Chapter 60

Imogen

I remember lying here like this less than twenty-four hours ago, but somehow in another lifetime, staring at him while he

sleeps. I distinctly remember thinking that if I could permit myself to believe in true, real happiness—the kind that lasts—then

it would be waking with his arms wrapped around me and my cheek pressed against his chest, my muscles aching from all the

pleasure our bodies took from each other in the night.

But yesterday was a lifetime ago, when he was Lincoln Knight and not Killian Wolfe.

I trace my fingertips over the mottled scars on the right side of his chest. I know he thinks they make him monstrous, but

not to me. They were always a beautiful part of the beautiful whole of him. Until I realized how he must have got them in

the first place.

So how? How can he touch me like he does, kiss me the way he does, make my body sing the way he does if it’s not real?

I lie on my side and go on watching him sleep, his hand gripping my hip possessively even in his slumber.

Is that because he can’t bear to let me go?

Or because he doesn’t want me to escape?

It feels like the former. When I’m with him, everything feels right in a way that it never has in my life.

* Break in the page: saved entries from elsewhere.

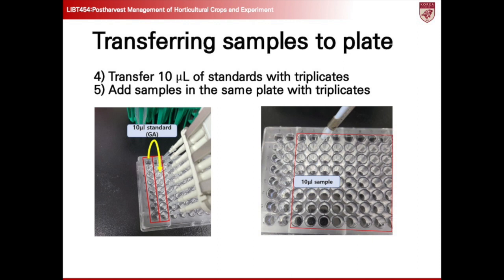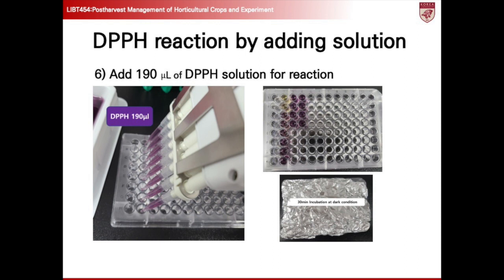Pipette 10 microliters of the standard solution and add it to the second column of the microplate using a multi-channel pipette. Then, pipette 10 microliters of each sample into separate wells, ensuring to include multiple replicates as needed for robust analysis. For each sample, add three replicates side-by-side to ensure consistency and reliability in the results. Add 190 microliters of DPPH solution to each well of the microplate containing the standard and sample solutions, ensuring that each well has an equal volume of DPPH solution for consistent reaction conditions.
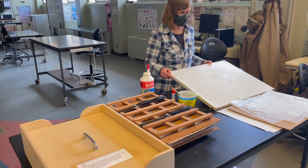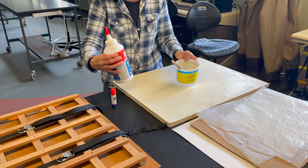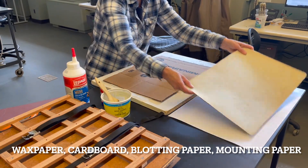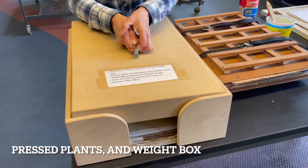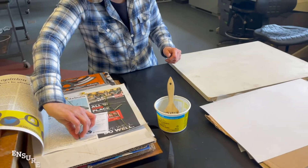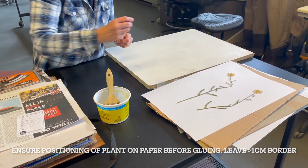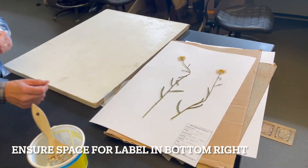To mount the dried pressed plants we will need a painting board on which we will paint a one-to-one ratio of white glue to water, wax paper to prevent sticking, cardboard, blotting paper, the mounting paper, our pressed plants and the weight box where we will put our mounted plants. First place the dried plant on paper to determine how to best position the plant. Be sure to leave at least one centimeter of border and consider where the label will go in the bottom right corner.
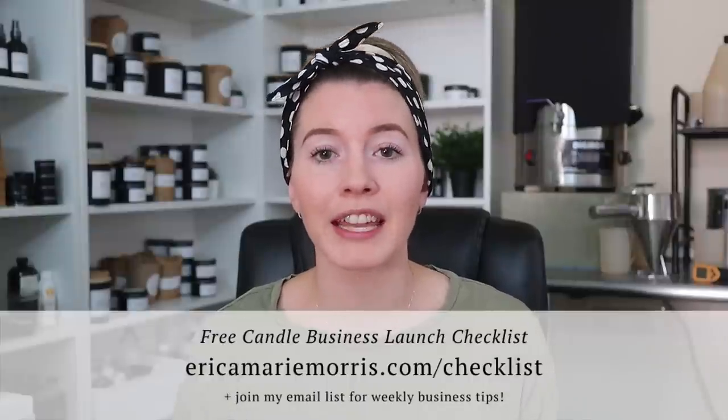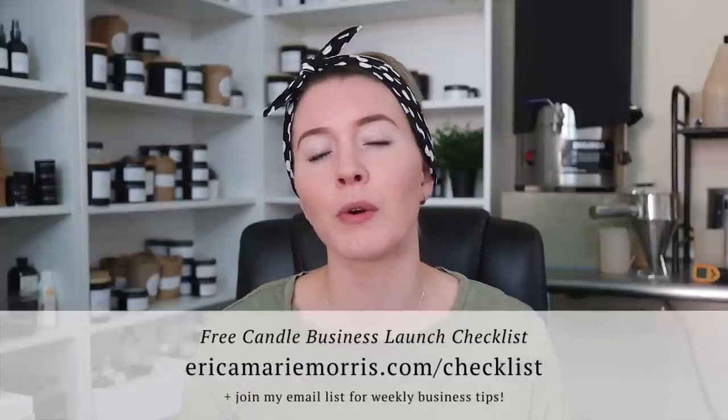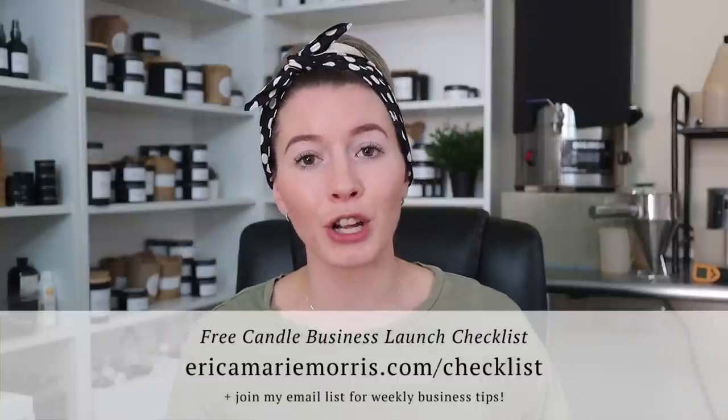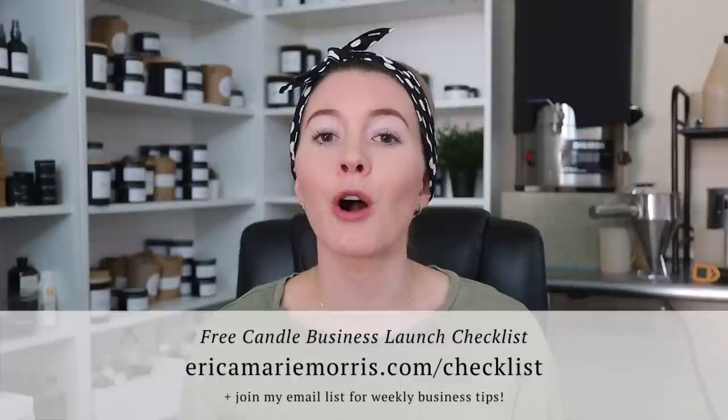Hey everyone, welcome back to my channel. If you're new here, my name is Erica with Memory Box Candle Co. and I make videos all about the journey of starting a candle business. If you stumbled upon this video and you're thinking about starting your own candle making business, I do have a free download for you — a candle business launch checklist. You can go to ericamariemorris.com/checklist, and you'll also get on my email list where I send out helpful business tips every week.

He makes me feel like I can be me. Doesn’t he?

Because the truth is I don’t know who I am.

I was the person I was trained to be for eighteen years, and then for the last six months .

. . who knows. Maybe I became the woman Killian wanted me to be.

And what really happened to my parents? Do I believe my grandfather—a man who taught me loyalty, who saved my life, yet only

ever showed me cruelty at worst and indifference at best? Or do I believe in Killian? My godfather. A man who murdered my

parents. A man who should have protected me when I was a child instead of allowing the Brotherhood to make a deal with my

grandfather. A man who has lied to me from the moment we met. The same man who tells me he loves me and has shown me more

kindness and compassion in a few months than I’ve ever known in my whole life.

I refuse to believe that everything between us has been a lie, and I do believe that in his own way, he loves me. But I live

in a world where truth and lies can’t be so easily distinguished from the other, and more importantly, a world where I no

longer trust my own judgment.

What I do know as fact is that man in the photograph is the man lying next to me. My godfather. And whatever his motives,

he’s lied to me from the moment we met. For that reason alone, I need to discover my own truth, and the only way to do that

is alone.

Thunder rolls in the sky outside and I shiver. Instinctively, he pulls me into his arms, wrapping me in his warmth and pressing

his lips to the top of my head. “I’ve got you, angel,” he murmurs sleepily.

Tears sting my eyes. That his instinctive response is to protect me makes me falter, but only for a second. He lied to me.

Fact. He’s not who he says he is. Fact. And that is all I truly know to be real.

I may have been raised by wolves, but they taught me well. How to do whatever is necessary for survival.